Video: The 1.85:1 anamorphic widescreen presentation is pretty much average, but since even average DVDs look pretty damn good anymore, that's not really meant as a complaint. It's sharp, fairly detailed, and doesn't suffer from any blatant problems with the source material or compression. Colors, contrast, and whatever else the DVD Reviewer Handbook says I'm supposed to prattle on about are all fine. The movie does have a very slightly gritty, modestly-budgeted appearance, but it translates well to this shiny five-inch disc. The DVD is so strictly average that it doesn't really leave me with anything to gripe about or lavish with praise, but...yeah, it's fine.

Audio: I haven't written a review of a comedy, yesterday, so my usual laundry list to describe this 448Kbps Dolby Digital 5.1 soundtrack ought to sound lemony fresh and not the least bit stale or repetitive. Like most flicks in the genre, the surrounds and subwoofer pretty much have nothing to do. Things do get incrementally livelier when the pop-punk-littered soundtrack kicks in, and there's occasionally a tiny bit of ambiance or reinforced effects, but for the most part...nothin'. Dialogue comes through pretty well though, and if you do somehow miss a line, the movie is closed captioned and has subtitles in English y EspaƱol. No French, sadly, since it would've been kinda funny to see the clumsy stabs at speaking the language of love translated into aliased white text at the bottom of my screen. Anyway, it's not an aggressive, jaw-dropping mix, but it serves the movie well and sounds pretty much like every other six-channel comedy ever.

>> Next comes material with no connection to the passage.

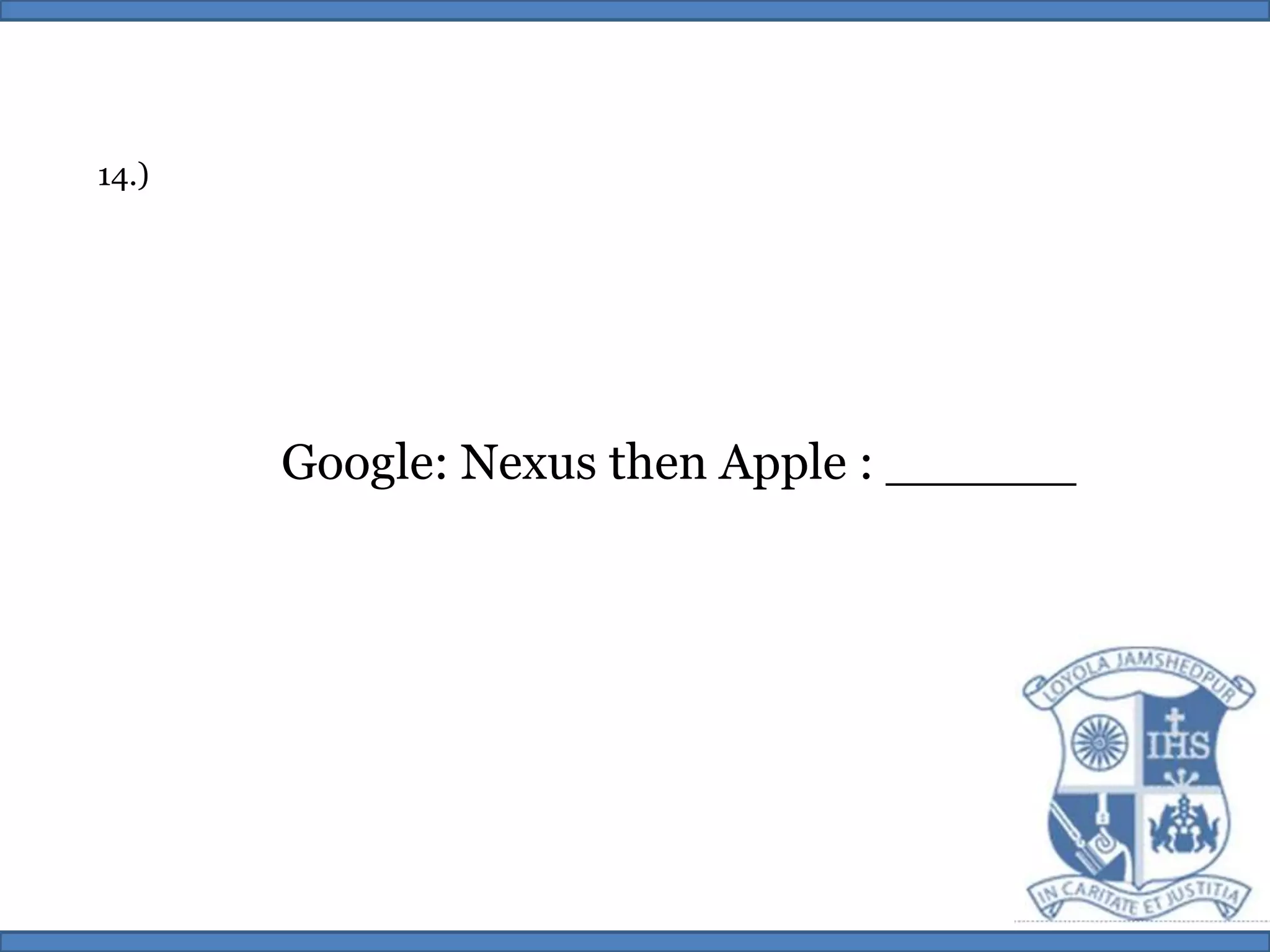14.)Google: Nexus then Apple : ______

Supplements: Dorm Daze is a pretty decent special edition, kicking off with an audio commentary by directors David and Scott Hillenbrand and editor Dave O'Brien. It's a surprisingly dry and serious discussion, and my interest wanted pretty quickly. "He Said, She Said: Behind the Scenes of the Fantasy Sequence" spends six minutes or so with the directors, the two writers, Patrick Renna, Marie Noelle Marquis, and Playmate Katie Lohmann. They chat about the filming of Styles' unconscious delusion, including some on-set footage and ramblings about their ultimate sexual fantasies. A grainy anamorphic widescreen gag reel runs a little under four minutes without managing to squeeze anything particularly funny in there. While I'm on the "not funny" tip, three deleted scenes --"Cliff and the hooker find the purse", "Claire confides in Marla and Lynne", and "Lorenzo and Gerri arrive at McMartin Hall" -- can be viewed with optional audio commentary. They're all extremely short, in total running around two minutes. There's nothing really of interest, and the commentary boils down to "we liked it, but it didn't add anything."

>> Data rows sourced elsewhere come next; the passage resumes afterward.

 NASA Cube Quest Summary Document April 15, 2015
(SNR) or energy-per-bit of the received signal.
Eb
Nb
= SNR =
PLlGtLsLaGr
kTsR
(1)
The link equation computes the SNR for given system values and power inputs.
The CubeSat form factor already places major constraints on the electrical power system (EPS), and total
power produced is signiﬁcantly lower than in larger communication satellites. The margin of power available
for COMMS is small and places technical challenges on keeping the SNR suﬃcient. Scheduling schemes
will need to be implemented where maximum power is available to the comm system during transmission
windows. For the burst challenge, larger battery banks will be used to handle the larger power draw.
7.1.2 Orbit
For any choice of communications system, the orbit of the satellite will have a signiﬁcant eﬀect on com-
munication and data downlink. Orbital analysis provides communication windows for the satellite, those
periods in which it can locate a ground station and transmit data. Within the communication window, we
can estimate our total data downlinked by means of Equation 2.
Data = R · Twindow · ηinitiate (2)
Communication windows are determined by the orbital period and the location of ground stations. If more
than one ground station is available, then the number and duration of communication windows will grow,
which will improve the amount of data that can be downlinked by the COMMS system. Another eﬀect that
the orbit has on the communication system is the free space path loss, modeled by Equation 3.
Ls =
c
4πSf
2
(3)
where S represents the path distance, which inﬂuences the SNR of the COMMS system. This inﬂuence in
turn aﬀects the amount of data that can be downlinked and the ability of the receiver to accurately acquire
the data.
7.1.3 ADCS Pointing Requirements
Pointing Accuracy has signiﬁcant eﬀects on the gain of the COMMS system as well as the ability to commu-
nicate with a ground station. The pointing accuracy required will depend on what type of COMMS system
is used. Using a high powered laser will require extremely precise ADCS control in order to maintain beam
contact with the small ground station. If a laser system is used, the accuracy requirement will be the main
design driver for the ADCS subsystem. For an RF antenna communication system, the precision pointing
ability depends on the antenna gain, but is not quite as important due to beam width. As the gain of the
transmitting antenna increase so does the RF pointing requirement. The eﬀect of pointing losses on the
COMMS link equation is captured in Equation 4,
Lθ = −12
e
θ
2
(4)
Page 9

Also included is a full twenty-five minute episode of National Lampoon's Master Debaters, which has a pair of panelists debating important issues of the days like "Resolved: that X-ray vision is the greatest possible superpower" and "that Boy Meets World was a far superior show to The Fresh Prince of Bel-Air". The second segment is a little better just because it has Danielle Fishel and Tatyana Ali arguing against their respective series. Both sets are sporadically funny at best, and I can't ever imagine watching this on a weekly or, he types with a shudder, nightly basis. Rounding out the extras are a two-minute letterboxed theatrical trailer and plugs for a bunch of other MGM releases I don't really feel like listing in full. The disc's menus are static and in widescreen, and there are a total of sixteen chapter stops.

Conclusion: National Lampoon Presents Dorm Daze is a triumph of the human spirit, in the sense of a triumph of the human spirit being a reasonably funny movie with a cleverly labyrinthine plot. I definitely think the mileage for this one is going to vary, and most viewers will probably be better off sticking with a rental. At least that way, if you loathe it, you can mention in your hateful e-mails that you were out three bucks instead of twenty. Personally, though, I enjoyed Dorm Daze enough to smack it with a Recommended tag.